Delays and strict criteria frustrate entrepreneurs
For many entrepreneurs, the challenge is not simply finding funding institutions but navigating lengthy processes and rigid requirements that can delay expansion plans or prevent applications from succeeding altogether.
Mbalenhle Dladla, founder of skincare manufacturer Mgabadeli Botanics, said she spent months attempting to secure funding to expand production capacity after receiving increased retail demand.
“You are constantly told there is funding for SMEs, but once you enter the system, you realise how difficult it is to actually qualify. The paperwork, the waiting periods and the requirements become overwhelming for a growing business,” she said.
Thapelo Seakamela, owner of logistics company Seakamela Freight Solutions, said funding delays can become financially damaging for smaller firms operating with limited cash reserves.
“SMEs do not have the luxury of waiting six months for approvals while expenses continue piling up. Opportunities move quickly, and by the time funding arrives, the contract or growth opportunity may already be gone,” he said.
The National Small Business Chamber said many SMEs continue to struggle because funding models remain heavily geared toward traditional banking principles rather than the operational realities of smaller businesses. The organisation noted that affordability, communication breakdowns and long turnaround times remain among the biggest frustrations raised by entrepreneurs.

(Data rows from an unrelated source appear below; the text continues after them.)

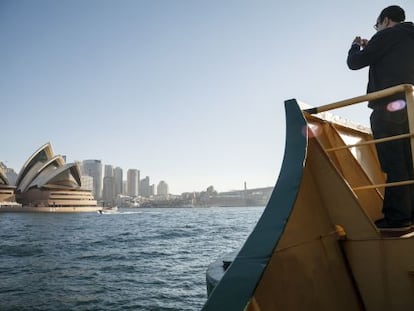 La Ópera de Sidney, del arquitecto danés Jorn Utzon, en la bahía de la ciudad.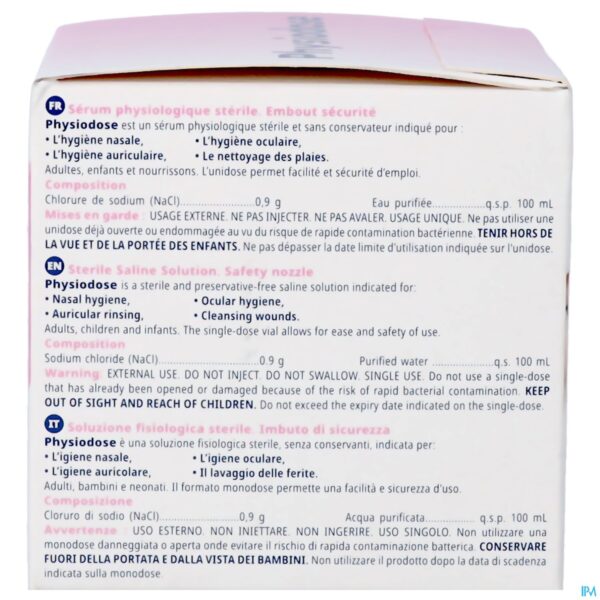 Packshot Physiodose Serum Fysio Ud Ster 30x5ml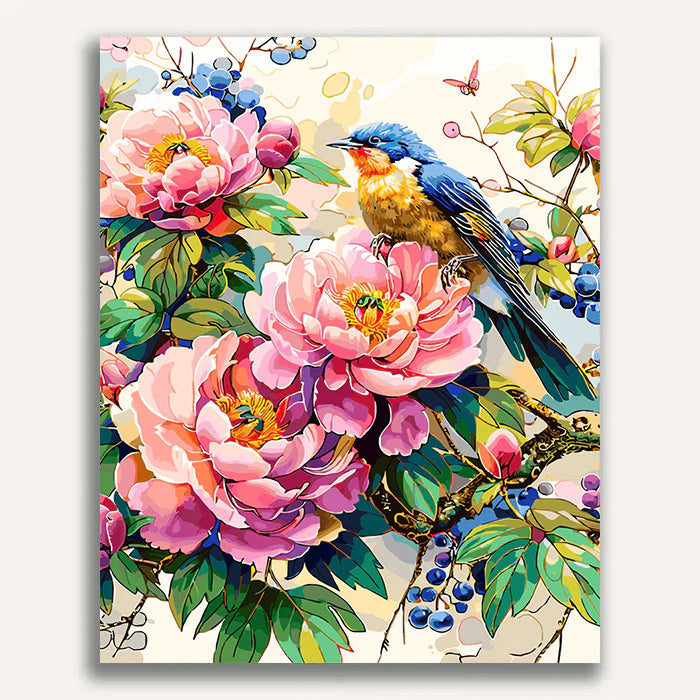 Flowers and Birds  Paint by Numbers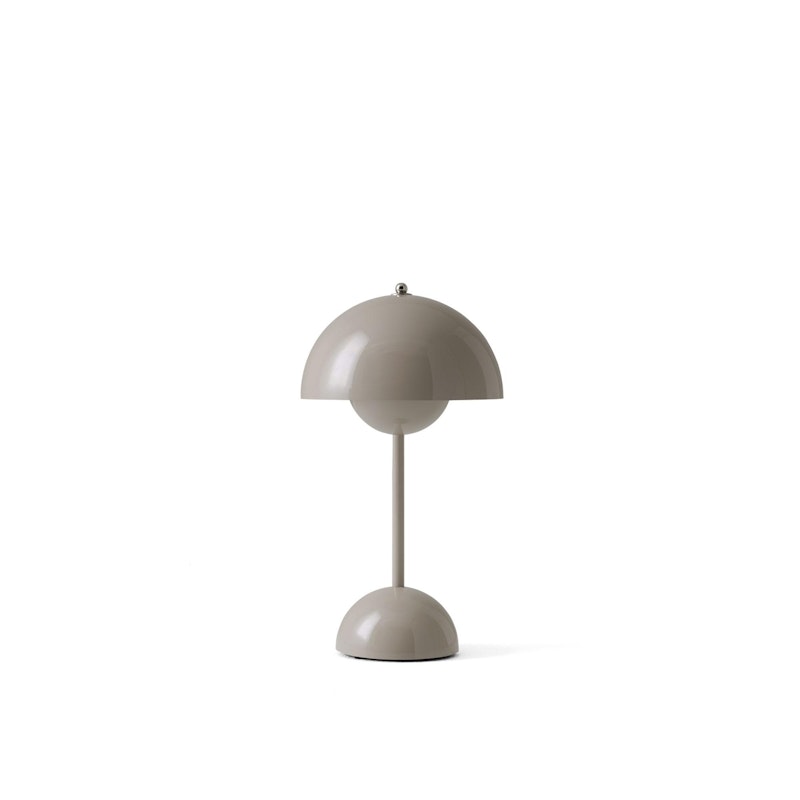 Flowerpot VP9 Table Lamp Portable, Grey Beige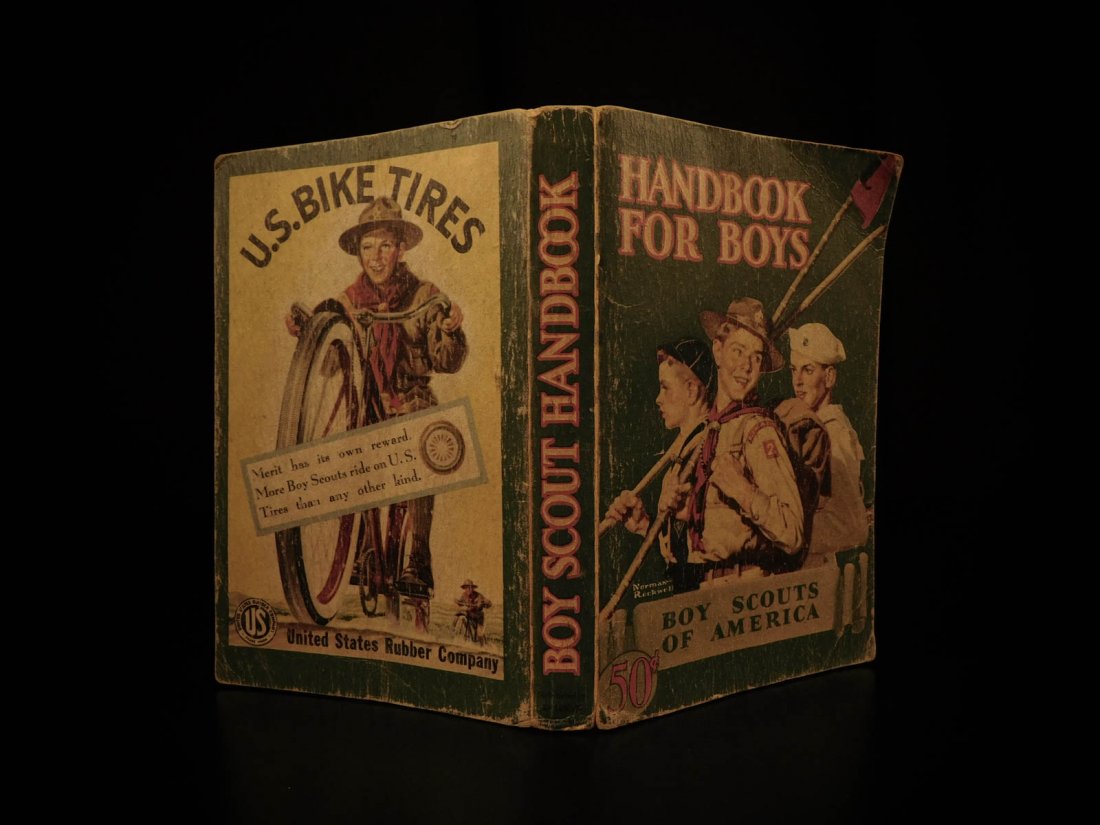 1943 BOY SCOUTS Official Handbook America Youth Manual (1 of 9)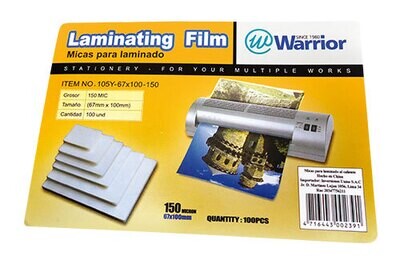 Micas Warrior Caja x 100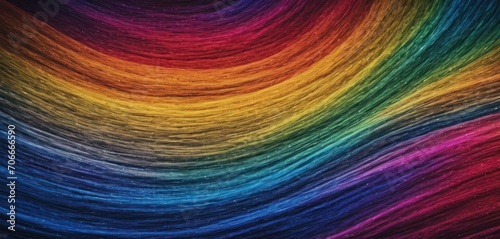  a close up of a multicolored background with many strands of yarn in the middle of the rainbow colors.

A system struggling to assess SMEs
Industry experts say the issue is compounded by how financial institutions measure risk. SMEs are often viewed as high-risk borrowers due to irregular cash flow, limited credit histories and higher failure rates, making lenders more cautious.
This has created what economists often describe as the “missing middle”, where businesses needing moderate levels of growth capital fall between microfinance support and large-scale commercial funding.
Recent discussions by the IDC around blended finance and partnership-driven funding models are aimed at addressing some of these gaps by expanding the pool of capital available to SMEs. However, experts warn that unless approval systems become faster and more flexible, structural barriers will persist.
The stakes are significant. SMEs account for a substantial share of employment in South Africa and are widely viewed as critical to economic growth in a low-investment environment. Yet limited access to finance continues to constrain expansion, hiring and long-term sustainability.
As pressure mounts on development finance institutions to improve accessibility, the growing consensus among entrepreneurs and industry bodies is that South Africa’s SME funding crisis is no longer simply about the shortage of capital, but about whether the financial system is designed in a way that small businesses can realistically navigate.